_Problem description:_ The required output is the lines below from the line containing "Мини кукла Ариел" to the line containing "London Times Elbow", inclusive, retyped exactly. No other lines belong in it.

_Provided records:_
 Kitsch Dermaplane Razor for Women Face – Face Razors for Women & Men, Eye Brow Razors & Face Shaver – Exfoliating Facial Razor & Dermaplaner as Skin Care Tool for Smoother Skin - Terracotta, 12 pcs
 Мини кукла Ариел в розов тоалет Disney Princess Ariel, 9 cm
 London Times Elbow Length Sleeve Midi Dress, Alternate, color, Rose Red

--

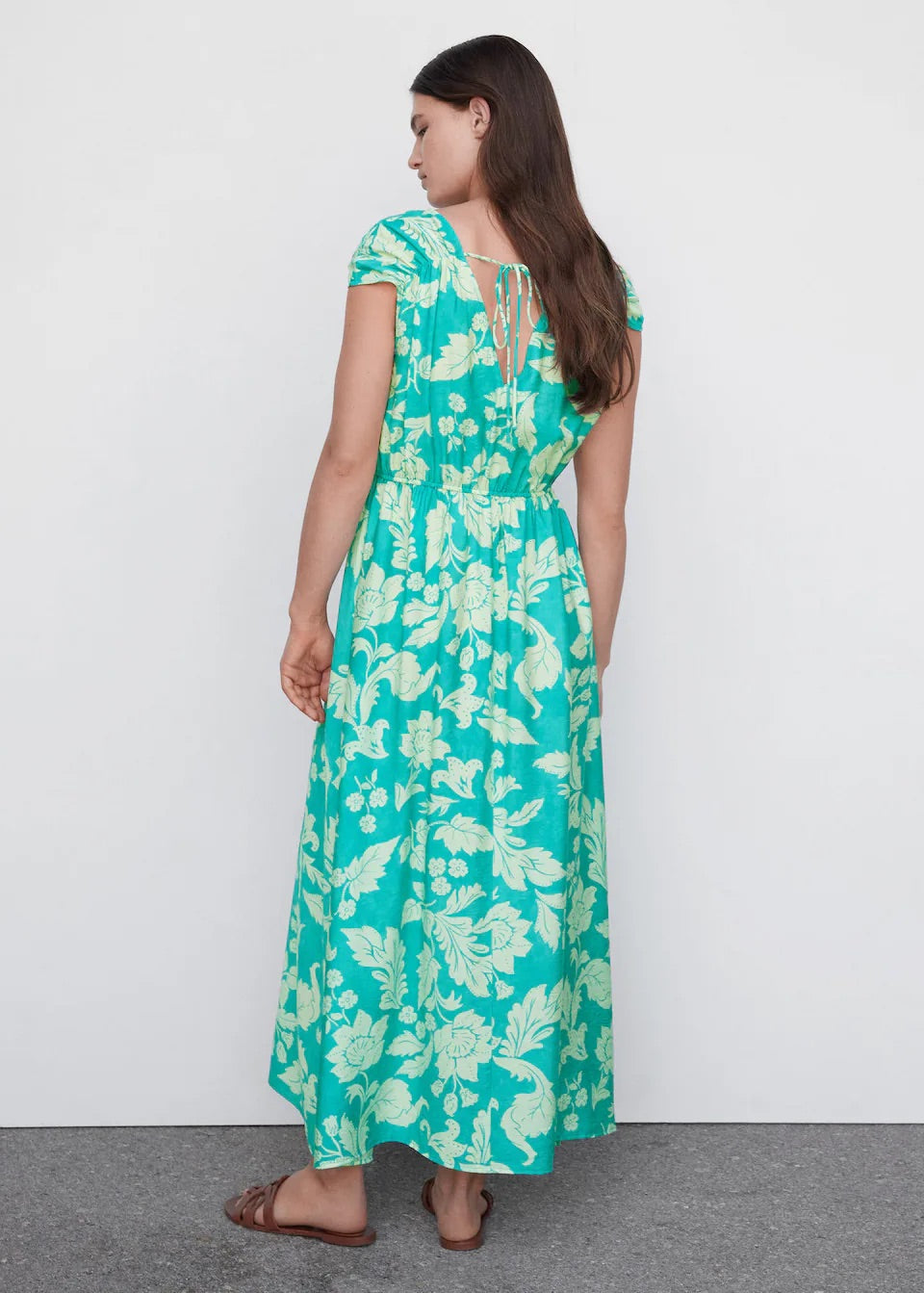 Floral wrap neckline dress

---

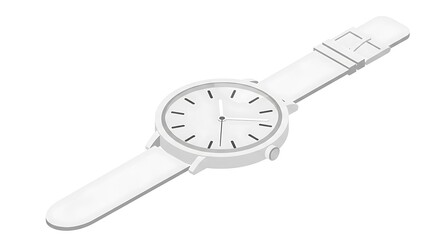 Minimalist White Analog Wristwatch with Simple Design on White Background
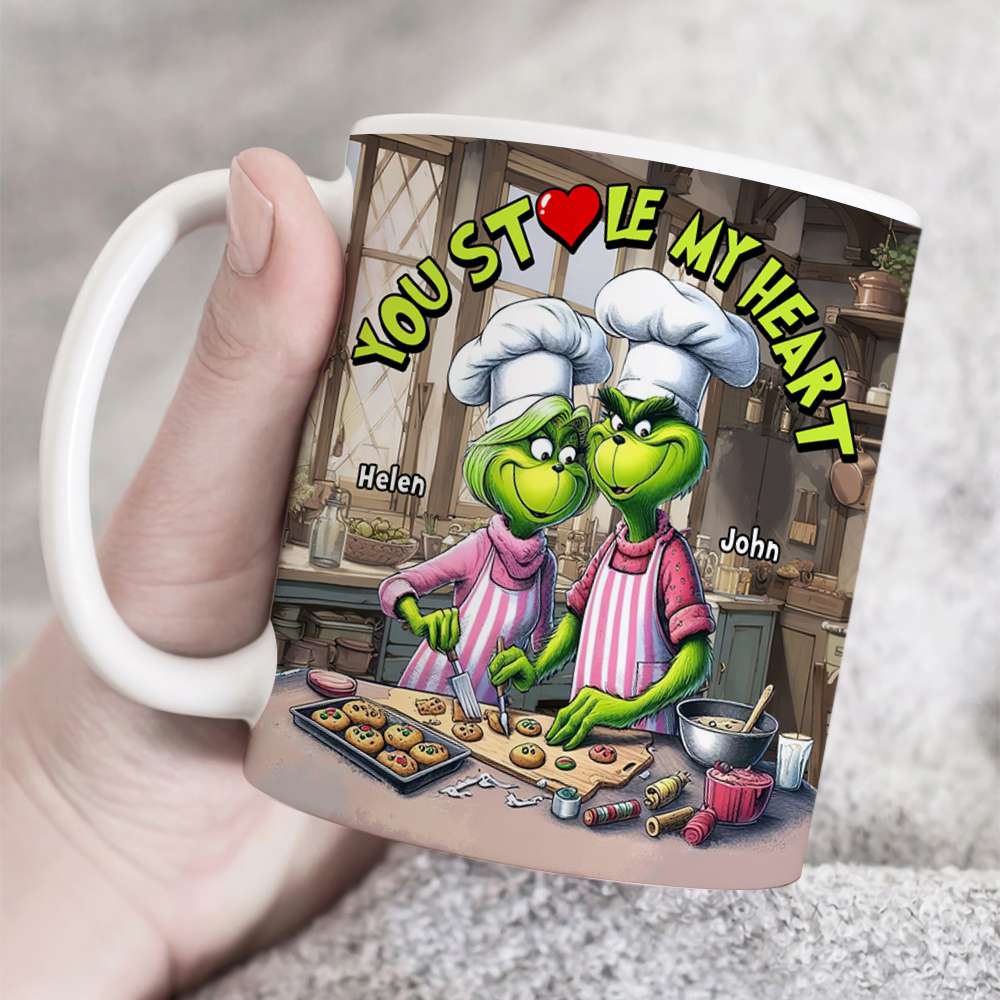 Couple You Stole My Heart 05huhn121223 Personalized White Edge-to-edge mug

_Task solution:_
 Мини кукла Ариел в розов тоалет Disney Princess Ariel, 9 cm
 London Times Elbow Length Sleeve Midi Dress, Alternate, color, Rose Red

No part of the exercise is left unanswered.